[Opening Data records section]

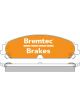 Bremtec Endure 4WD Brake Pad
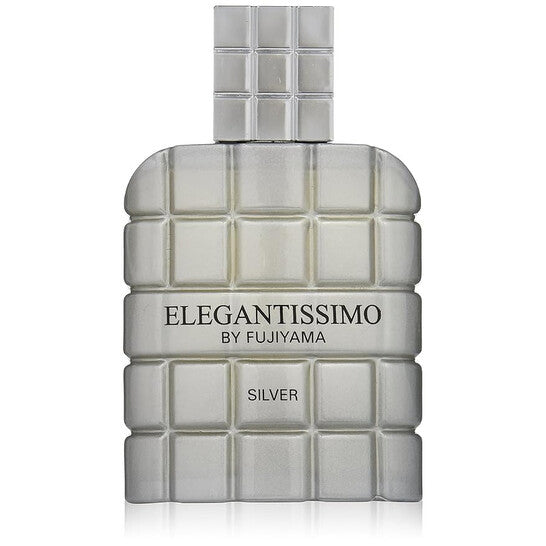 Succes De Paris Men's Fujiyama Elegantissimo Silver EDP Spray 3.4 oz (Tester) Fragrances - Luxurious Fragrance Available Online in Hong Kong & China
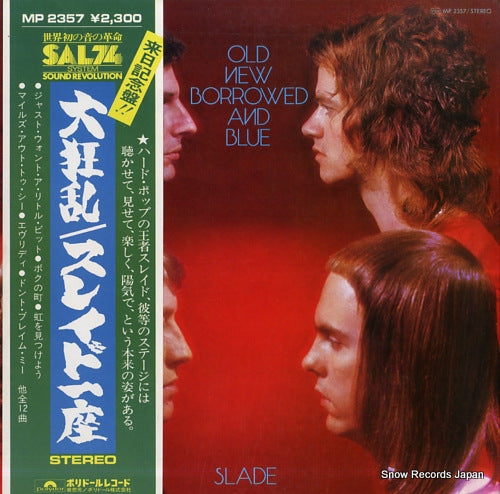 SLADE old new borrowed and blue MP2357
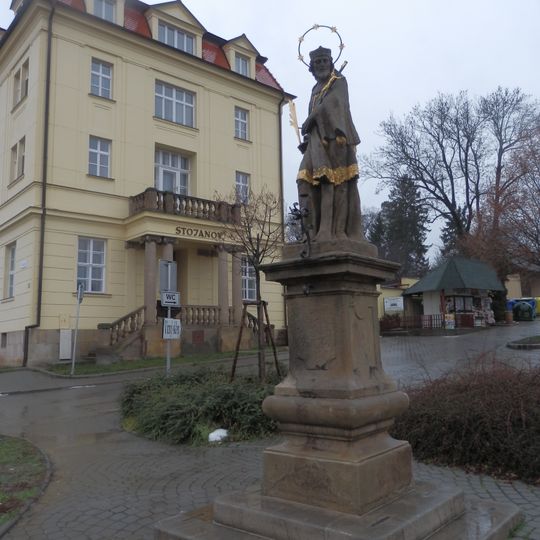 Socha svatého Jana Nepomuckého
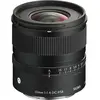 Sigma 15mm f/1.4 DC Contemporary monture Sony E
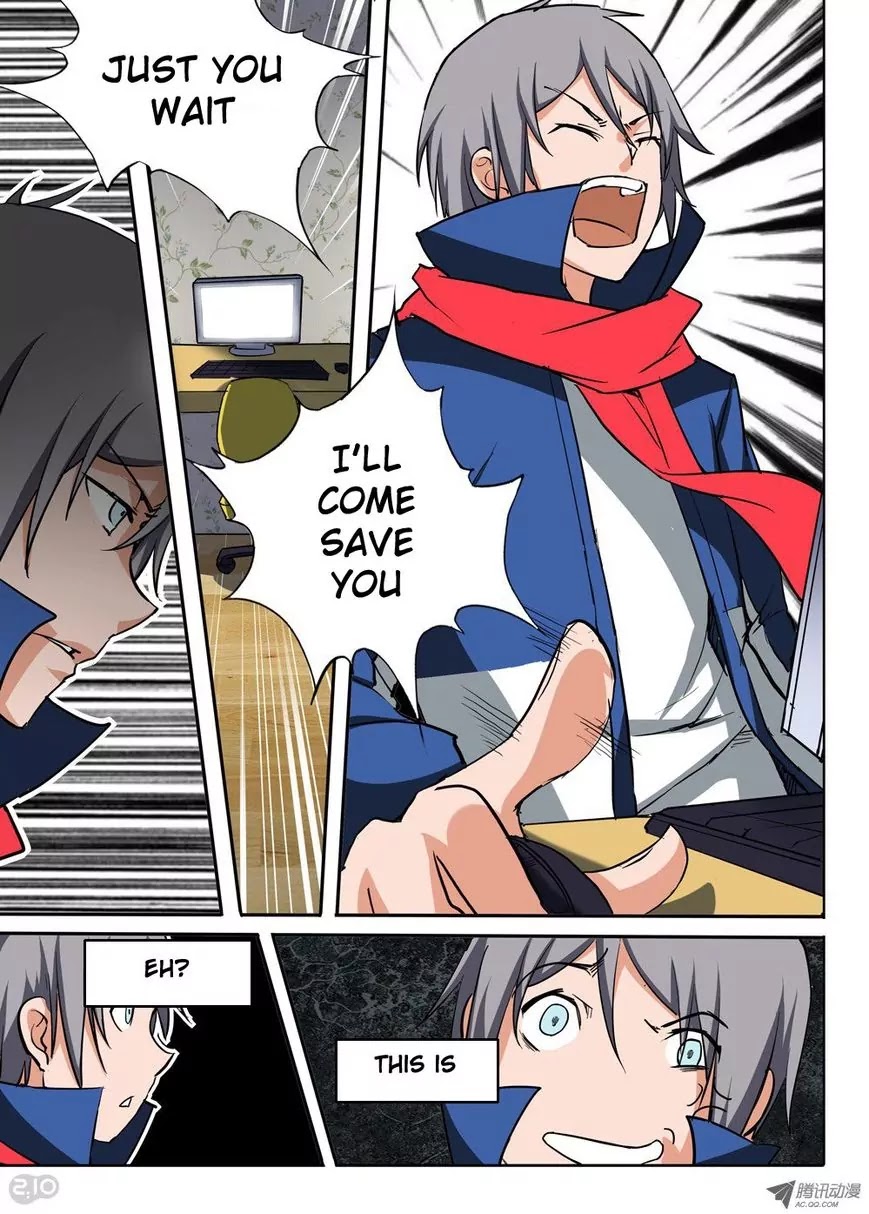 Silver Gravekeeper Chapter 22 page 7 - Chapter 22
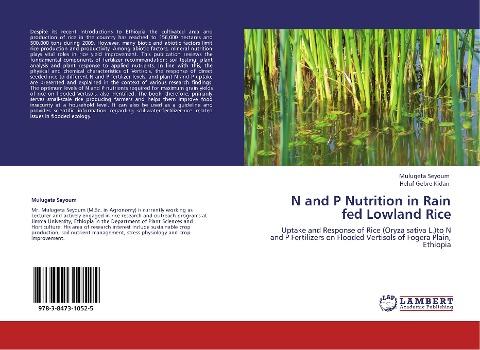 N and P Nutrition in Rain fed Lowland Rice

[Closing Data records section]

• **Task description**:
Repeat the preceding records precisely, and leave every picture out of the copy.

• **Problem solution**:
 Bremtec Endure 4WD Brake Pad
 Succes De Paris Men's Fujiyama Elegantissimo Silver EDP Spray 3.4 oz (Tester) Fragrances - Luxurious Fragrance Available Online in Hong Kong & China
 SLADE old new borrowed and blue MP2357
 Socha svatého Jana Nepomuckého
 Sigma 15mm f/1.4 DC Contemporary monture Sony E
 Silver Gravekeeper Chapter 22 page 7 - Chapter 22
 N and P Nutrition in Rain fed Lowland Rice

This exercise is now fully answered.